The  political organization of the historical Ashanti Empire was characterized by stools which denoted "offices" that were associated with a particular authority. The Golden Stool was the most powerful of all, because it was the office of the King of the Ashanti Empire. Scholars such as Jan Vansina have described the governance of the Ashanti Empire as a federation where state affairs were regulated by a council of elders headed by the king, who was simply primus inter pares.

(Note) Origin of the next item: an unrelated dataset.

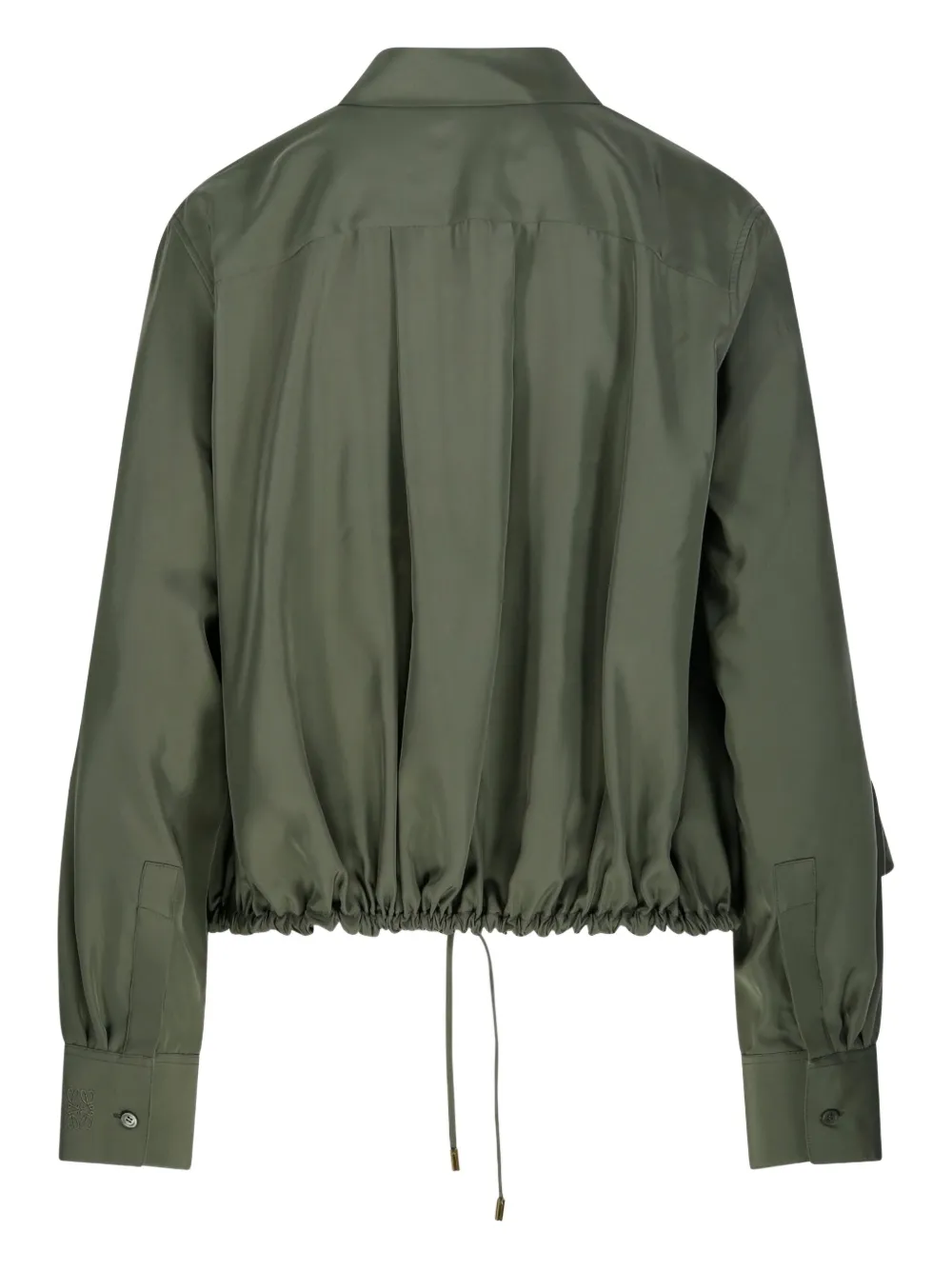  Loewe Drawstring-hem Shirt - Green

Structure and organization 

In all, the Ashanti state was a centralized state made up of a hierarchy of heads starting from the "Abusua Panyin" who was head of a family or lineage. The family was the basic political unit in the empire. The family or lineage followed the village organization which was headed by the Odikro. All villages were then grouped together to form divisions headed by a divisional head called Ohene. The various divisions were politically grouped to form a state which was headed by an Omanhene or Amanhene. Finally, all Ashanti states formed the Ashanti Empire with the Asantehene as their king. The Seventy-Seven Laws of Komfo Anokye, drafted by Okomfo Anokye, served as the codified constitution of the Ashanti Empire.

The Golden Stool 

The Golden Stool was the most powerful of all stools or "offices" in the Ashanti Empire. It was occupied by the Asantehene (King). According to Ashanti oral tradition, the Golden Stool first appeared near the end of the 17th century. It became the spiritual centre of the Empire after King Osei Tutu unified the Ashanti city-states into one empire. According to oral tradition, Okomfo Anokye, the chief priest and adviser of Osei Tutu, brought down the stool from the sky to the earth. He demanded that all chiefs of the Ashanti city-state surrender their stools and recognize the supremacy of the Golden Stool.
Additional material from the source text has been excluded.